COVID-19 can result in a wide range of expenses depending on the severity of the disease.
From 2020 to 2021, the estimate in Minnesota for the median amount paid by health plans for outpatient COVID-19 treatment was around $ 975, according to a analysis by FAIR Health, a New York-based nonprofit group. The estimate includes laboratory, medical and emergency care services for patients diagnosed with COVID-19 who do not require hospitalization, according to a December report.
Medical bills skyrocket as cases become more serious. In Minnesota, the median for COVID-19 patients in need of non-complex hospitalization was $ 17,906. For patients admitted to the hospital with complex cases, the statewide median jumped to $ 87,451.
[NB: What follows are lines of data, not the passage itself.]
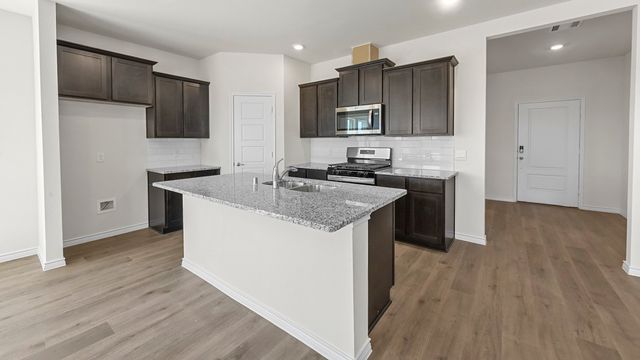 2032 Hearn Drive, Royse City, TX 75189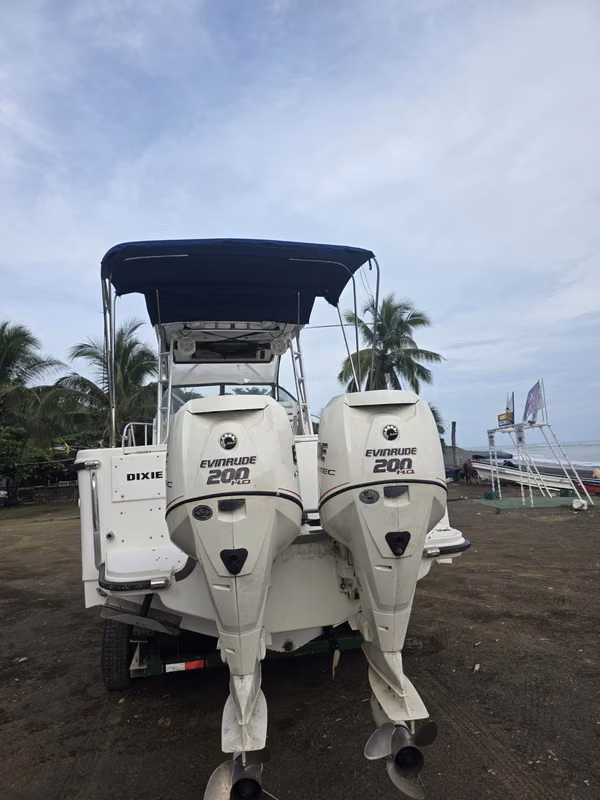 SE VENDE BOTE ROBALO 2524   UBICADO EN  CAMBUTAL/PANAMÁ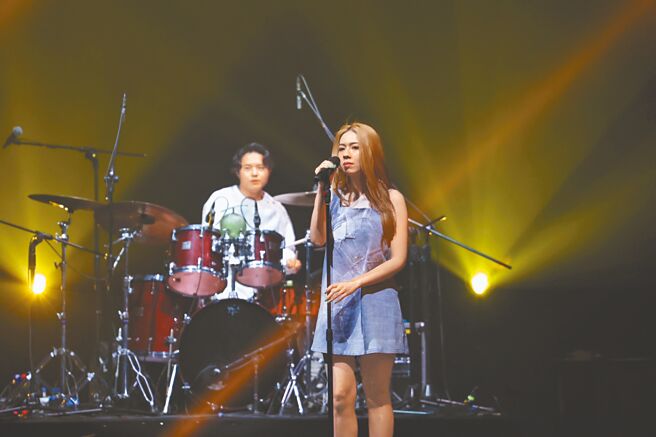 告五人昨飙唱3首歌曲炒热气氛。（罗永铭摄）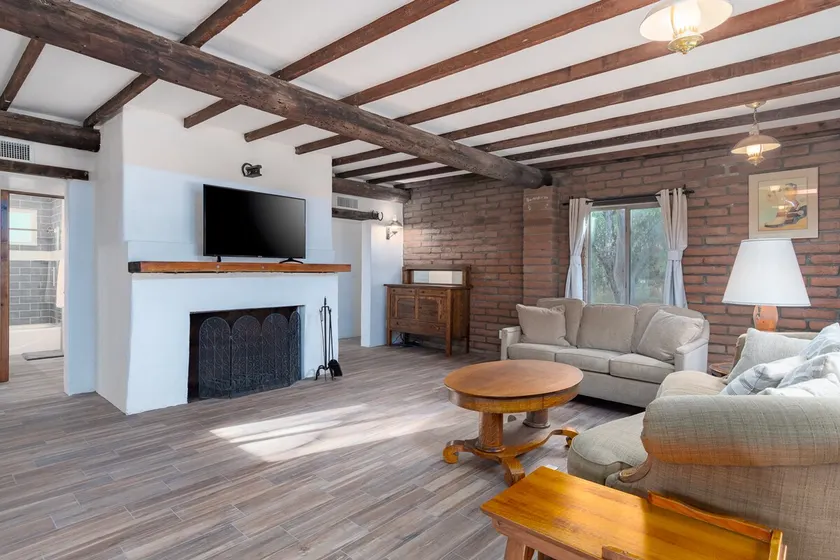 1945 Ranch House, Tanque Verde, 2 BR 1 BA - Image 1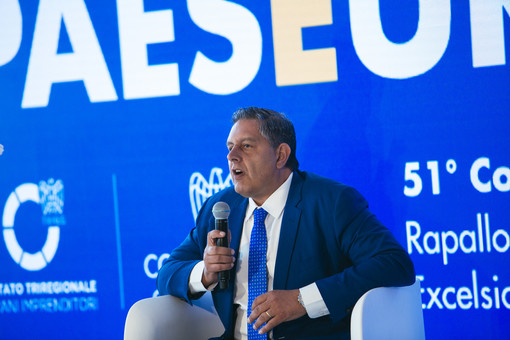 Toti al convegno dei giovani imprenditori di Rapallo: "Aumentiamo l'efficienza del Paese dando più autonomia alle regioni" Toti al convegno dei giovani imprenditori di Rapallo: "Aumentiamo l'efficienza del Paese dando più autonomia alle regioni"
Complex inpatient treatment for the most severe COVID-19 cases refers to patients who are hospitalized and require a stay in a ventilator and / or intensive care unit, according to FAIR Health. The group uses claims data to estimate what insurance companies pay to health care providers for medical services.
At Minnetonka-based Medica, day-to-day admissions totaled about $ 83 million in COVID-19 spending between October 2020 and September 2021. On average, Medica pays about 92% of the cost of medical claims, while patients pay the remaining 8% through cost sharing of payments directly to healthcare providers.
So the decision to waive cost-sharing for COVID-19 patients resulted in an expense for the health insurance company, as Medica paid the fees to doctors, clinics and hospitals, said Dr. John Piatkowski, a medical director at the health plan. Medica does not yet have complete data on their COVID-19 costs for 2021.
Medica began demanding that patients pay cost-sharing on Oct. 1, given the widespread availability of vaccines, he said.
“[We] really felt that when it was controllable and we saw the different populations being able to control their risk, it really started to look like some of our other medical conditions, “Piatkowski said.” We just wanted to be consistent across our policyholders. “
Eagan-based Blue Cross says it has paid about $ 200 million in COVID-19 treatments, the vast majority of which goes to hospital treatment.
“Because vaccines are now widely available and have been shown to drastically reduce the likelihood of serious illness, we felt it was an appropriate time to transfer COVID-19 treatment coverage to standard coverage,” Blue Cross said in a statement to Star Tribune. “While the omicron variant has led to several breakthrough infections, vaccines are still proving to be extremely effective in preventing serious illness – including hospitalization and death – from the COVID-19 virus.”
The sex nonprofit health plans in Minnesota – Blue Cross and Blue Shield of Minnesota, HealthPartners, Hennepin Health, Medica, Sanford Health Plan and UCare – take different approaches to COVID-19 cost sharing within Medicare and Medicaid health plans.
Patients with questions should contact their insurance company.